Tire fires are very hot. Assume the rims are bent badly, figure a way to bolt them to an axle and spin them to check runout before buying
Even if they look OK, that kind of heat might actually change the molecular structure of the metal making it more brittle than normal and prone to cracking.
yea, my thoughts too, but the guy says it is standard practice to burn them off. Maybe for salvage metal but for usable rims??? I don't know>>>
................I'm no chemist but, I think you're right in that while they are hot they are softer but what happens when they cool down.
Yeah,it is a common practice with salvage yard but it's also a easy way of removing the tires before the metal is scrapped. HRP
They're most likely annealed now (softer than O.E.) so they'd never last in Motown. We have pot holes so big homeless folks can live in em.
I'd agree, pass on those as they are only good for scrap. Back when I was a kid and long before that the city dump was in a canyon up in the hills about five miles from my house and the guys at the dump burned out cars that people had left there to scrap them. the wheels on them were pretty rough after they had had the tires burned off them.
That sounds like an insane way to get the tires off. It would seem like it would be quicker and cleaner to just use a breaker bar or machine to do it. Tire fires cause some of the blackest, thickest smoke I've scene. Plus, it got to take longer for it to burn then it would be to do it right. Sounds lazy.
Lots of weird crap goes on in the 'yard. I went into one to get a heater core for a Falcon... no problem. The yard guy took it out of the car with a fireman's axe...
OK, sounds pretty unanimous, me thinks I will pass. They were a screaming good deal is the only reason I inquired about them in the first place but after hearing they were subjected to no telling what degree of heat had second thoughts. THANKS guys for you input. Always impressed with how much experience and know how is on this site. And how many respond and quickly. Thanks again!!!!
Yep scrap yard owners are a different sort of people. I went to the yard one time for a motor mount and while I was there they were busy torching the front end off of a '57 Chevy for the front suspension. they loaded it up frame stubs and all in the back of a fellas truck. Of course they did cut the core support and what was left of the rest of the stuff off first.
Good Lord. Leave em be. I worked at a yard in the 70's. We removed engines and trannys as a unit. Peel the hood back with the yart truck, wrap a chain around the engine and lift and drop till the poor thing just popped out. I'll probably smoke a turd in purgatory for those cars I wrecked.
Back in the 80's I had a "mini salvage yard" about 50 cars, turned out I was not in compliance with the local zoning laws, I was zoned rural and to have a salvage yard I would have had to be zoned Heavy Industrial, a long interesting story but most of you wouldn't care to hear it. Anyway, I had the cars crushed but they left the gas tanks, wheels and tires and I needed to dispose of those so I used the wheels with tires to burn out stumps, the wheel would be glowing red as the tire burned, those wheels make good hose racks and grinder stands at best.
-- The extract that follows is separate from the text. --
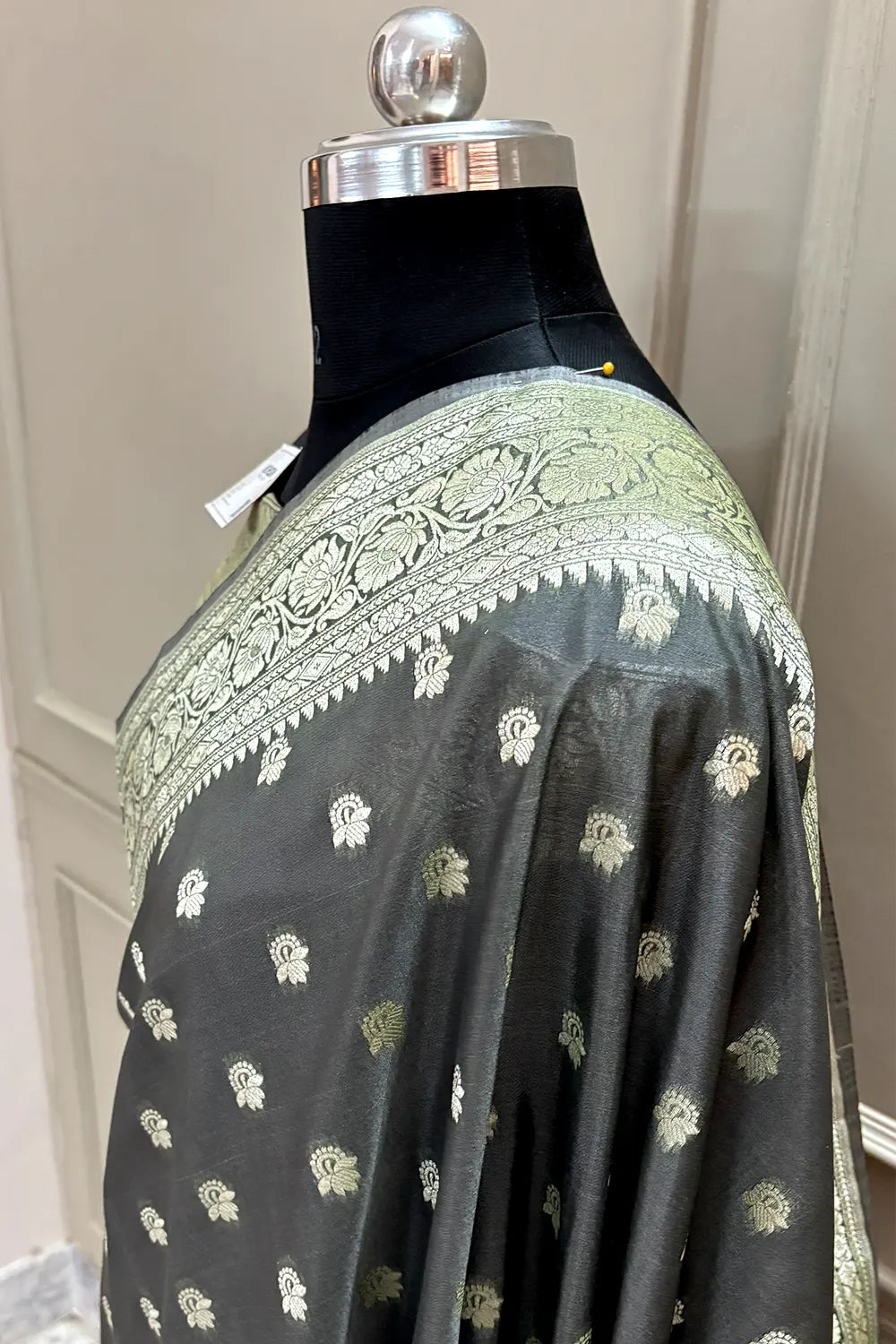 Dark Grey Ghonga Buti Katan Silk Banarasi Saree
Burning tires? Frankly, I'm more surprised that the local EPA clean-air-Nazis haven't shut the place down.... .
That's what I was thinking , around here , you burn a tire & you'll have 10 black suburbans w/ epa guys in haz-mat suits on your property in minutes !! dave
i heard about a forge [?] in upstate new york that put tires on rims into a hopper and light it. the burning tires melt the steel.